Swap ratio and consideration structure
The scheme outlines a share swap arrangement between the two listed entities. The swap ratio has been set at 10 equity shares of JSW Energy for every 139 equity shares held in GE Power India. This ratio is the core economic term that GE Power India shareholders will evaluate when deciding whether to approve the scheme.
The transaction is structured as a scheme under Sections 230 to 232, meaning it requires approvals from the relevant classes of shareholders and creditors and subsequent sanction from the NCLT. The proposal has also been described as subject to other regulatory approvals, including SEBI and the stock exchanges.
Exchange observations and the regulatory pathway
JSW Energy has disclosed that it received “no adverse observations” from BSE and a “no objection” from NSE on April 1, 2026, for the scheme. The company has also stated that the scheme remains subject to other regulatory approvals and NCLT sanction before final implementation.
Separately, disclosures note that the exchange observation letters carry a validity period for filing before the NCLT, extending up to October 1, 2026. This sets an outer window for procedural steps connected to the scheme filing and processing, although the stakeholder meetings and tribunal directions govern the immediate approval sequence.
Creditors and the secured creditor exemption noted by NCLT
In the first motion order, the NCLT dispensed with the meeting of secured creditors of JSW Energy after noting that secured creditors holding 95% in value had already consented to the scheme. This is relevant because it narrows the stakeholder classes that must be convened through formal meetings, focusing the next stage on equity shareholders and unsecured creditors.

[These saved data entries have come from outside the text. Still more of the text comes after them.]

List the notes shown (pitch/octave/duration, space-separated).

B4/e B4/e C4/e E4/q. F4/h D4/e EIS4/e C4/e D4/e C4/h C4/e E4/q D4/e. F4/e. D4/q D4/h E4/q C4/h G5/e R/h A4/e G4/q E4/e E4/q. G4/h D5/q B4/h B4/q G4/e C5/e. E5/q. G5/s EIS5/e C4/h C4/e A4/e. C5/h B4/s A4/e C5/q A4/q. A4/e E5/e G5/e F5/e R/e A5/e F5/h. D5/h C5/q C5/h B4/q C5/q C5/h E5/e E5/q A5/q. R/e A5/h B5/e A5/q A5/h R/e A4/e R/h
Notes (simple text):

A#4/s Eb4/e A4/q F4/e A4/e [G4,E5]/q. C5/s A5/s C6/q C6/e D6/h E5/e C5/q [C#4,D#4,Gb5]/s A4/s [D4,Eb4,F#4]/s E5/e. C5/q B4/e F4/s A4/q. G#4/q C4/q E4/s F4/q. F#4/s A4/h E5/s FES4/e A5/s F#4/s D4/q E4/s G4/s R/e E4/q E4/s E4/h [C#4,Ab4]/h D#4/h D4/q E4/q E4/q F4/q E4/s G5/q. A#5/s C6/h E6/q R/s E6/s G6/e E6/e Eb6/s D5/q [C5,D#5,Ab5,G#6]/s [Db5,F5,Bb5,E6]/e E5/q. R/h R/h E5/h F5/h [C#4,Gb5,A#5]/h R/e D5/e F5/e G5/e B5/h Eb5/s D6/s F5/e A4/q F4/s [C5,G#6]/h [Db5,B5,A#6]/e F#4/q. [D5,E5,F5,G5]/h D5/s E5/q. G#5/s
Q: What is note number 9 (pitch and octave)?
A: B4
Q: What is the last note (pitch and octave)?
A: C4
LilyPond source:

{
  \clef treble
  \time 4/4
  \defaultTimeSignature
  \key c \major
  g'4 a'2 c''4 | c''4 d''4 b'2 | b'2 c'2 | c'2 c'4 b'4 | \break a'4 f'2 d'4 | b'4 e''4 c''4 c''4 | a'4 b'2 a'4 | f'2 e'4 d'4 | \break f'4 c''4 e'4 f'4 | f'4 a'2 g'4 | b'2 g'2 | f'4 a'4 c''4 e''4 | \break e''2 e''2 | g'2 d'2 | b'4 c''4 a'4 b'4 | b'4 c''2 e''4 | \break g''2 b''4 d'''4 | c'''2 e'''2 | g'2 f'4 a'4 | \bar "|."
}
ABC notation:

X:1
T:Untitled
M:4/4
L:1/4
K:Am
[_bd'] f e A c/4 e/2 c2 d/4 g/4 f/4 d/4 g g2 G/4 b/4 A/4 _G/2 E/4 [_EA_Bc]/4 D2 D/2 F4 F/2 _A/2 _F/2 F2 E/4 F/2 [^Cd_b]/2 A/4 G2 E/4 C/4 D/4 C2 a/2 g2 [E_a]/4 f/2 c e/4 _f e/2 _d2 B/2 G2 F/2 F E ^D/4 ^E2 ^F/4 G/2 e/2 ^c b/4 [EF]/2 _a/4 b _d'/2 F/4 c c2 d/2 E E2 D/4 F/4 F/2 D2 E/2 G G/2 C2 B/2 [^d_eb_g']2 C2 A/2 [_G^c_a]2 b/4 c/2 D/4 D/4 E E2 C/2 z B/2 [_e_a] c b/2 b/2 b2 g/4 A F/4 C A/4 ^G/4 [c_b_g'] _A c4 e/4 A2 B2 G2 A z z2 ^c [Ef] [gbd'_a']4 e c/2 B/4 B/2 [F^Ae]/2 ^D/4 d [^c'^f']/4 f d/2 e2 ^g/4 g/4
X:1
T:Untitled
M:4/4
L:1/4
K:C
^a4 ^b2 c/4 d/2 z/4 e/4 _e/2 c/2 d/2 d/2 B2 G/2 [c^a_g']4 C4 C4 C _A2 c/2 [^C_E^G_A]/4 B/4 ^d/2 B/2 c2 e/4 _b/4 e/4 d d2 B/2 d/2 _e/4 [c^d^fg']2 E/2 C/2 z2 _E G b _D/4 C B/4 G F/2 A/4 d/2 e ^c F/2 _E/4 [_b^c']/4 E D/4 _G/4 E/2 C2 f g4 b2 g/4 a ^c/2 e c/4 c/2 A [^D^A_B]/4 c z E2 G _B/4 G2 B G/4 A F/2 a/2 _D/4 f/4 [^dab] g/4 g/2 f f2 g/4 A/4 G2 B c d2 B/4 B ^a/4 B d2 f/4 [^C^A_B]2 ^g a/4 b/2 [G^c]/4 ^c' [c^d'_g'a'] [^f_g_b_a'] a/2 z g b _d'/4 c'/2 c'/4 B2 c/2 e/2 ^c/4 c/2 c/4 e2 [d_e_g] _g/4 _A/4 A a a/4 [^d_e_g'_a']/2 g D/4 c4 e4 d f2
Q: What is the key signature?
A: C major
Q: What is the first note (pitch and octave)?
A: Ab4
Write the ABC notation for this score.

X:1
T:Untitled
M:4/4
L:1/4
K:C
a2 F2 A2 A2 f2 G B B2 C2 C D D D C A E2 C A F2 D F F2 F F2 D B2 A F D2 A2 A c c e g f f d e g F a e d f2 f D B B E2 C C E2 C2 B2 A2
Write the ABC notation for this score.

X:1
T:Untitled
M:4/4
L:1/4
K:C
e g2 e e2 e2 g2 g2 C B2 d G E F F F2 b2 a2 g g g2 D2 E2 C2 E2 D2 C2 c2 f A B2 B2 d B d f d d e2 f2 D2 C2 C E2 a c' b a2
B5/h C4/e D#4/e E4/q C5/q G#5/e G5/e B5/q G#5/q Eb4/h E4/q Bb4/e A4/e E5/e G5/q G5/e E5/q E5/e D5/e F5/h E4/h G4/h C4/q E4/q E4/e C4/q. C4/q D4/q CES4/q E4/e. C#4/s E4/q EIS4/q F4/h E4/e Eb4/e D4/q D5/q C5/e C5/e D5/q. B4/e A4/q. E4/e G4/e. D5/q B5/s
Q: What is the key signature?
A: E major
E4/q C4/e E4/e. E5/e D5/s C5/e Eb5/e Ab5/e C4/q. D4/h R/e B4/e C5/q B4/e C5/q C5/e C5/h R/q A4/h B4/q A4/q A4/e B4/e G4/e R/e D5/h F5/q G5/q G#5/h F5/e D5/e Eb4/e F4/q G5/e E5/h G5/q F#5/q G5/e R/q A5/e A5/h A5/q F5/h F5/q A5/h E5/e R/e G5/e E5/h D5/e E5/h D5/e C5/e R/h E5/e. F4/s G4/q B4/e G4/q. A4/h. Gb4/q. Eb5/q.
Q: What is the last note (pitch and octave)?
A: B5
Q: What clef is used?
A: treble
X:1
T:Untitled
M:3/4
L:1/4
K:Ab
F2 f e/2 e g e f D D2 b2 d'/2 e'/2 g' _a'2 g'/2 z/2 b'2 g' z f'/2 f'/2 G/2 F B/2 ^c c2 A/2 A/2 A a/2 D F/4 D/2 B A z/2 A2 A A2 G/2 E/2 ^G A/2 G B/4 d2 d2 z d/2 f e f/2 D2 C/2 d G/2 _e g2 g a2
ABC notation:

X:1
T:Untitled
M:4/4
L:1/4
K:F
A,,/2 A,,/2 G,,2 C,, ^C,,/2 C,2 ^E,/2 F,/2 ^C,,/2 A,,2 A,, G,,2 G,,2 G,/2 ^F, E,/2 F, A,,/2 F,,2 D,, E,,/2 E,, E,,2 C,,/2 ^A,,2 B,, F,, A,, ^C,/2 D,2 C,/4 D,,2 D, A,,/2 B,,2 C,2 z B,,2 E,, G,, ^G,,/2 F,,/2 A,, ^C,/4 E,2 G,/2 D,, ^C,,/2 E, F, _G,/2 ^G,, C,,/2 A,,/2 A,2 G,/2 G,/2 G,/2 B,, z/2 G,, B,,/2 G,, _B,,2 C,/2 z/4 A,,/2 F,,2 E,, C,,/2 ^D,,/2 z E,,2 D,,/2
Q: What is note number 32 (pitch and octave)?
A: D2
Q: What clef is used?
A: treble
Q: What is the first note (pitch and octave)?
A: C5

For both companies, unsecured creditor meetings remain part of the process as directed by the tribunal. The class-wise approval requirement is a standard feature of schemes of arrangement, since the outcomes can affect stakeholder rights and the corporate structure.
Context around GE Power India disclosures
GE Power India’s broader disclosures around corporate actions include a note that the company has deposited ₹775.00 crore with Jaiprakash Power Ventures Limited as part of a court-mediated agreement in an ongoing legal dispute. This disclosure is separate from the JSW Energy scheme but forms part of the company’s publicly reported developments.
The demerger proposal itself was approved by GE Power India’s board on September 18, 2025, as referenced in the scheme-related summary. From that point, the transaction has moved through the exchange observation stage and into the NCLT-led process for stakeholder meetings.
Market impact and what to watch next
At this stage, the most immediate market-relevant factor is the timeline and the set of approvals required to complete the arrangement. The meetings on July 20, 2026 are designed to secure stakeholder votes, after which the companies can proceed to the next steps, including seeking final sanction from the NCLT and completing other applicable regulatory processes.
JSW Energy has also disclosed a separate schedule of analyst and institutional investor interactions in June 2026, including the ICICI Securities India Investor Conference in Mumbai on June 9, 2026, and the Jefferies India Access Days on June 8 (New York) and June 11 (London). These events do not replace the statutory process, but they are part of the company’s broader investor communications during the period.
Conclusion
JSW Energy and GE Power India are set for an NCLT-convened vote on July 20, 2026 for a Scheme of Arrangement that demerges GE Power India’s boiler pressure parts manufacturing business into JSW Energy. The scheme includes an appointed date of July 1, 2025 and a swap ratio of 10 JSW Energy shares for every 139 GE Power India shares. The next confirmed step after the stakeholder meetings is the continuation of the regulatory approval process, including NCLT consideration for sanction, as applicable.